> _What is needed_: From the entries below, return only the lines starting at the one that contains "Custom Engraved Golf" and ending at the one that contains "Used API BASCO", exactly as they stand.

> _Extracted data_:

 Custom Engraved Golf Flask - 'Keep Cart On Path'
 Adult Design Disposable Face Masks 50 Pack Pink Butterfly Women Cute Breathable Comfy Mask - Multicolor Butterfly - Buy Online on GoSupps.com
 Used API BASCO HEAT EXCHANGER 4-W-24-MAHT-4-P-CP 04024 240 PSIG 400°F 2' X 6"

--

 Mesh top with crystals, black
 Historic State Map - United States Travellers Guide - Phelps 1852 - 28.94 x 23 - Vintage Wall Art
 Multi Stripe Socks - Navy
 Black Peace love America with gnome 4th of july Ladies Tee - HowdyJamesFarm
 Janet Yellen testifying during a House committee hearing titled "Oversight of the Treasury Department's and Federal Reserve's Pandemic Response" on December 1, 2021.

* * *

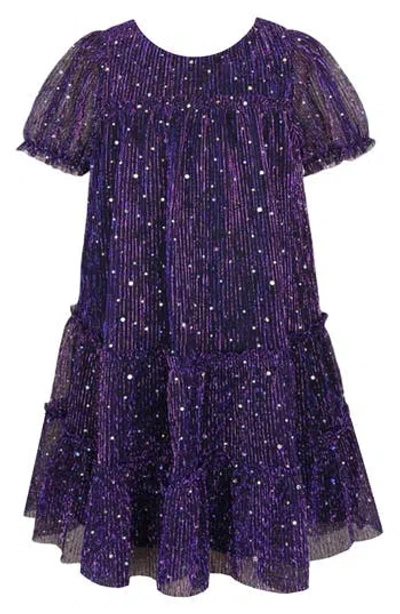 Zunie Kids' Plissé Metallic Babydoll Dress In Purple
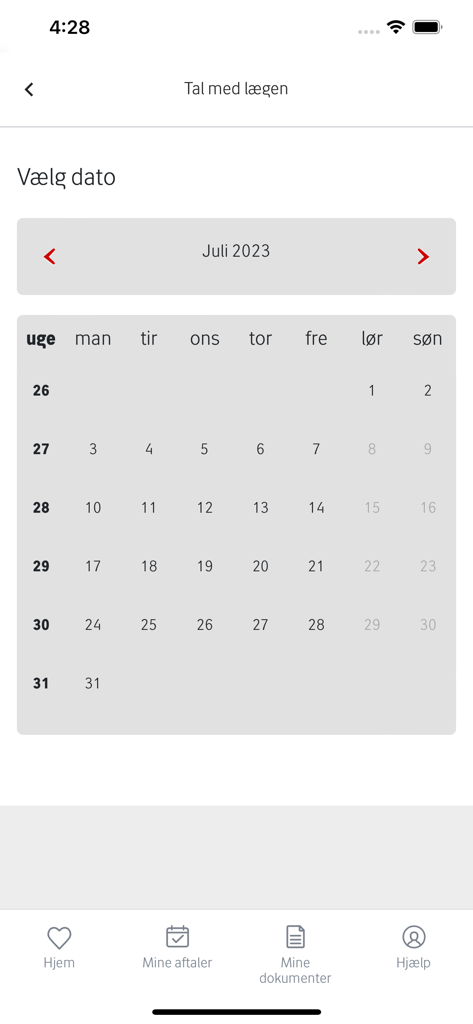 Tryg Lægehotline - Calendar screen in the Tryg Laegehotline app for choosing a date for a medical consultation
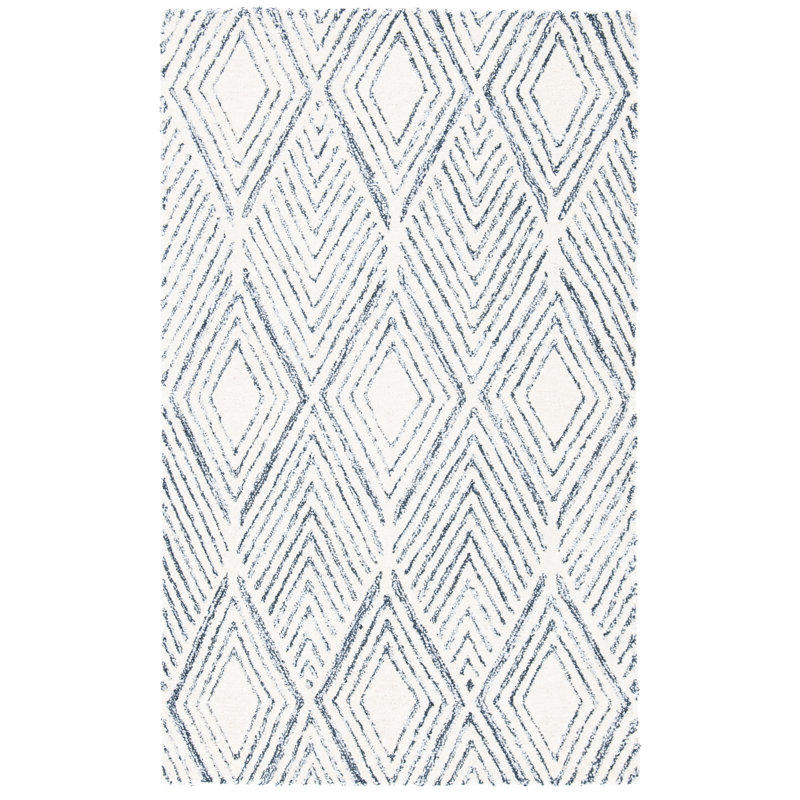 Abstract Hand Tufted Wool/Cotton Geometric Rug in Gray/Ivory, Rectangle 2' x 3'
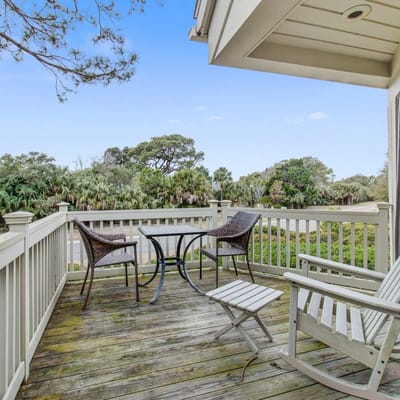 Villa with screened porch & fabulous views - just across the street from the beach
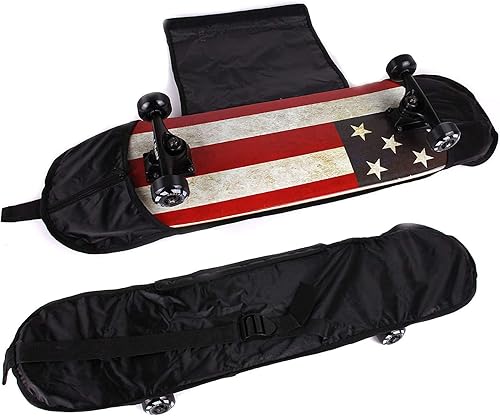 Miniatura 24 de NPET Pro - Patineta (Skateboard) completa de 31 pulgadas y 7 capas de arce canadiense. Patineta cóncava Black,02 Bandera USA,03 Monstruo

> _Reply to the task_:
 Custom Engraved Golf Flask - 'Keep Cart On Path'
 Adult Design Disposable Face Masks 50 Pack Pink Butterfly Women Cute Breathable Comfy Mask - Multicolor Butterfly - Buy Online on GoSupps.com
 Used API BASCO HEAT EXCHANGER 4-W-24-MAHT-4-P-CP 04024 240 PSIG 400°F 2' X 6"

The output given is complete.